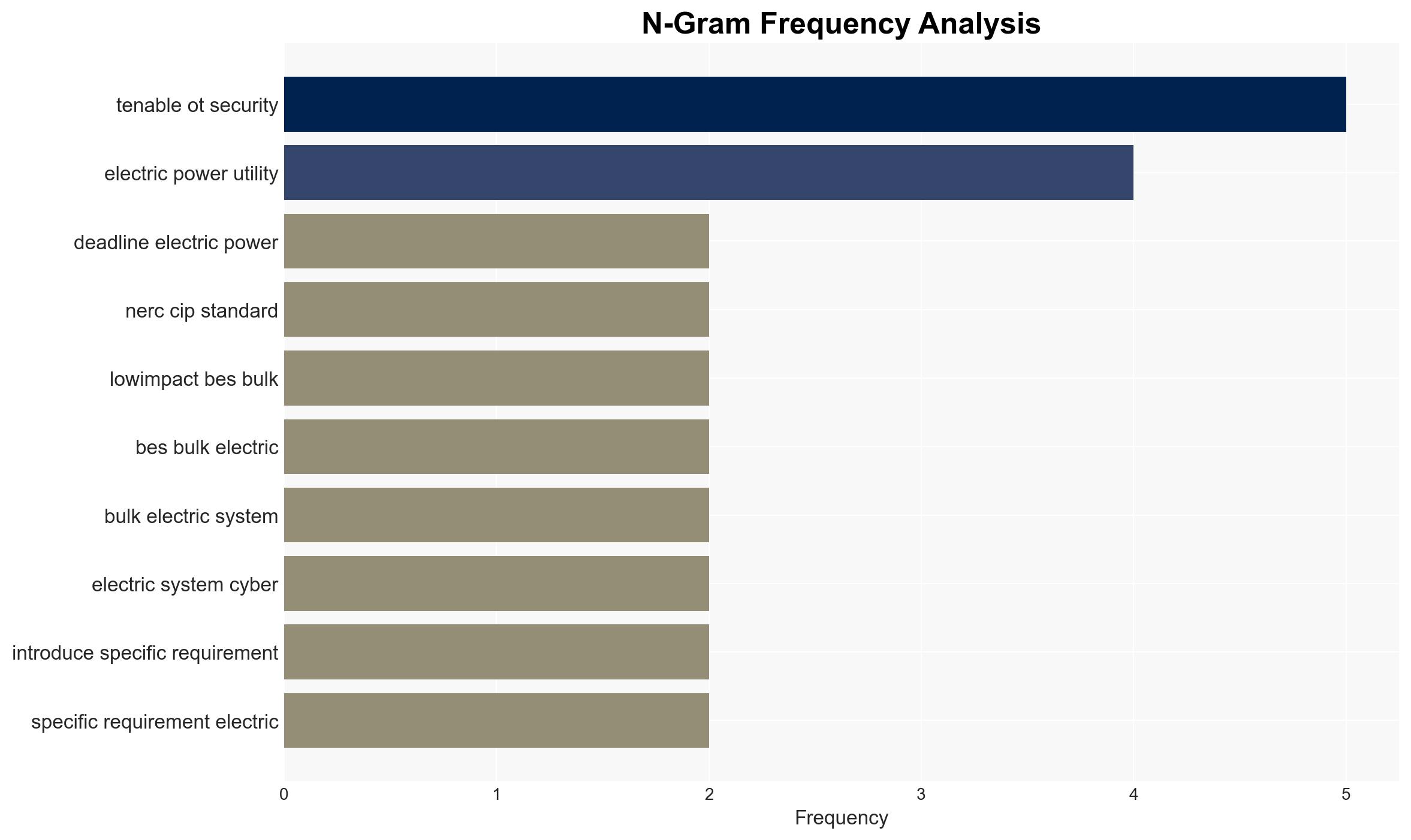 How to prepare for NERC CIP compliance deadlines in 2026 and beyond - Image 4
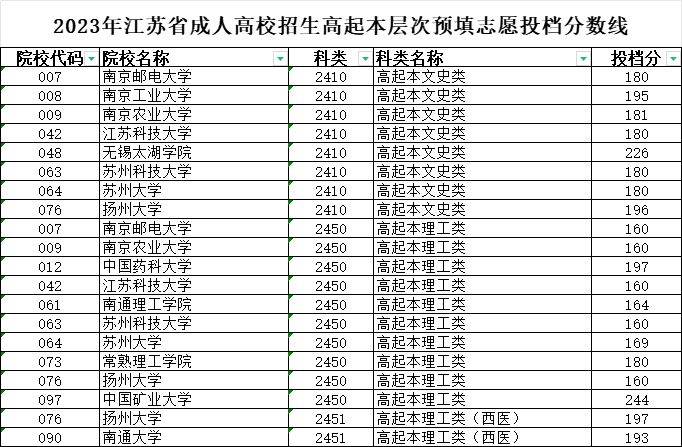 江苏省高起本投档分数线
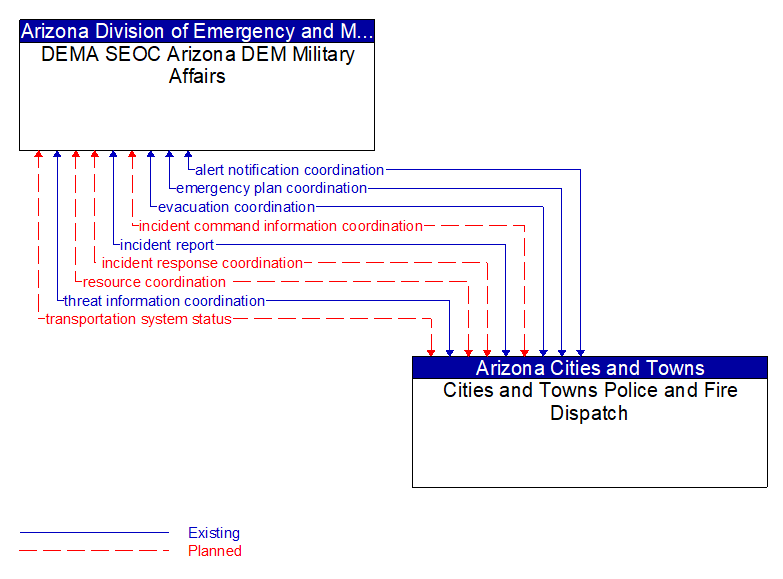 DEMA SEOC Arizona DEM Military Affairs to Cities and Towns Police and Fire Dispatch Interface Diagram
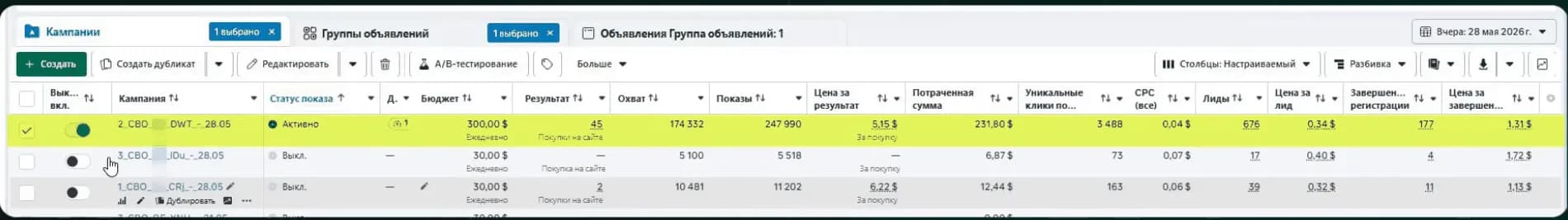 Ads Manager row in a Russian interface for May 28, 2026: campaign 2_CBO with a $300 daily budget, active, 45 purchases at $5.15, reach 174,332, 247,990 impressions, $231.80 spent, 3,488 unique link clicks at $0.04, 676 leads at $0.34 and 177 completed registrations at $1.31; 2 neighboring $30 campaigns are off.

_PROBLEM TO WORK ON:_ Copy the listing above word for word. Do not include the pictures.

_EXERCISE RESPONSE:_
 How to prepare for NERC CIP compliance deadlines in 2026 and beyond - Image 4
 江苏省高起本投档分数线
 DEMA SEOC Arizona DEM Military Affairs to Cities and Towns Police and Fire Dispatch Interface Diagram
 Ads Manager row in a Russian interface for May 28, 2026: campaign 2_CBO with a $300 daily budget, active, 45 purchases at $5.15, reach 174,332, 247,990 impressions, $231.80 spent, 3,488 unique link clicks at $0.04, 676 leads at $0.34 and 177 completed registrations at $1.31; 2 neighboring $30 campaigns are off.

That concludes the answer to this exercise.